When the electrolytic solution B was used, the Rp value was around 1700 Ω. The Rp value when using electrolyte A was about 80 Ω. From this Rp value, V = (26 / Rp) / 96500
When the corrosion rate is estimated as follows, it becomes 0.0000034 milli (chemical) equivalent / second {3.4 nano (chemical) equivalent / second}.

For comparison, a known method of impedance measurement was also attempted. 1 kHz for impedance measurement
The Cole-Cole plot is performed by changing the frequency in the range of about -0.1 Hz to analyze the resistance component. The DC component of the voltage applied during the measurement was an open circuit voltage, and the AC component was 5 mV. Although a slightly distorted and almost semicircular figure was obtained in the Cole-Cole plot, the resistance components obtained from the low frequency side were about 80Ω, respectively, {estimated corrosion rate 3.4 nano (chemical) equivalents / sec}. It was a value equivalent to the measurement result.

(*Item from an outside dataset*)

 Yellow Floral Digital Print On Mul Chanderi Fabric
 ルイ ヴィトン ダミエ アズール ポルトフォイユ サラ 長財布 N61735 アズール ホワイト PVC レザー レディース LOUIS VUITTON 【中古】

An attempt was made to evaluate the ability of laurylamine, a corrosion inhibitor, to inhibit corrosion. When laurylamine was not added, that is, when the concentration was 0 ppm, the Rp value was 83.5 Ω ｛the estimated corrosion rate was 3.2.
The Rp value at nano (chemical) equivalent / sec｝ and 3 ppm concentration is 9
4.1 Ω {estimated corrosion rate 2.9 nano (chemical) equivalents / sec},
The Rp value at a concentration of 20 ppm is 177Ω ｛Estimated corrosion rate 1.
52 nano (chemical) equivalents / sec. As a result, the corrosion inhibiting ability of laurylamine was 11% (concentration 3 ppm), 53%
(Concentration: 20 ppm). A known impedance measurement method was also tried, but the agreement was usually within 3%.

[0024]

According to the measuring method of the present invention, since the current flowing during the measurement is small, the disturbance on the electrode surface is small, and the Faraday resistance (polarization resistance) can be measured in a static state in principle.

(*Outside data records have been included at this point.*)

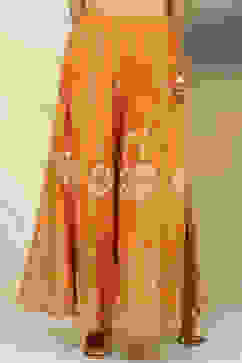 Mustard Cotton Flared Skirt image number 0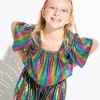 Kids Navy Rainbow Glitter Dash Flutter Top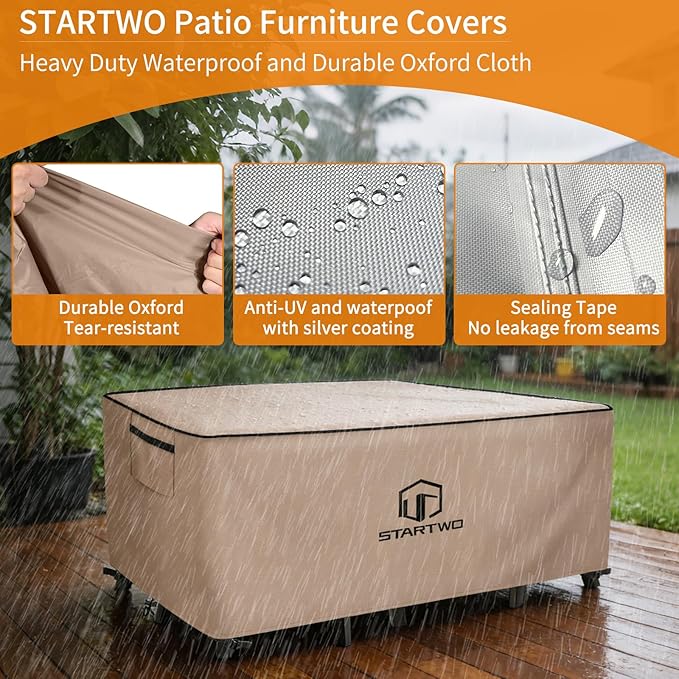 STARTWO Outdoor Furniture Covers Waterproof,Sofa,Table and Chairs General Purpose Patio Furniture Covers with Elastic Hem and Air Vents 106L x 106W x 28H inch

According to the measuring method of the present invention, the Faraday resistance (polarization resistance) can be easily measured in a state where the electrochemical influence on the sample metal is small, and the corrosion of the sample metal can be evaluated. Since the minimum configuration of the measuring electronic circuit required for the measurement is simple, it can be expected to be used in the field. In addition, the corrosion prevention ability of the corrosion inhibitor can be easily evaluated.

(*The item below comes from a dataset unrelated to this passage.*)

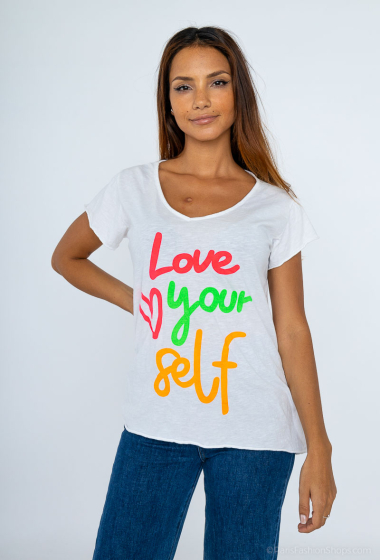 Wholesaler Mooya - Plain cotton T-shirt LOVE YOURSELF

[Brief description of the drawings]

FIG. 1 is a diagram illustrating an example of an equivalent electronic circuit used to measure Faraday resistance according to the present invention.

Claims (6)

[Claims] 1. A method for measuring Faraday resistance (polarization resistance), wherein a voltage applied to a sample metal electrode is swept within an open voltage range of ± 20 mV or less. 2. The method for measuring Faraday resistance according to claim 1, wherein the sample metal electrode according to claim 1 is made of iron. 3. The Faraday resistance of the Faraday resistance according to claim 1 or 2, wherein an electrolyte solution containing sodium chloride up to saturation in a concentration range of 1 g / l or more as a main electrolyte is used. Measuring method. 4. The hot spring water, sea water, oil field salt water or a mixture of sea water and oil field salt water (where the term hot spring water, sea water, oil field salt water is a mixture of inorganic salts, A hot spring water analog, a seawater analog, and an oilfield saltwater analog prepared as described above) as an electrolytic solution. 5. A method for evaluating metal corrosion, comprising measuring a Faraday resistance by the measuring method according to claim 1 and obtaining a corrosion rate (V) by the following equation: K / (96500 × Rp) where K is a proportional constant, and Rp is a Faraday resistance. 6. A method for evaluating the corrosion inhibitory ability of a corrosion inhibitor, wherein the measurement according to claim 1 is performed in the presence of a corrosion inhibitor.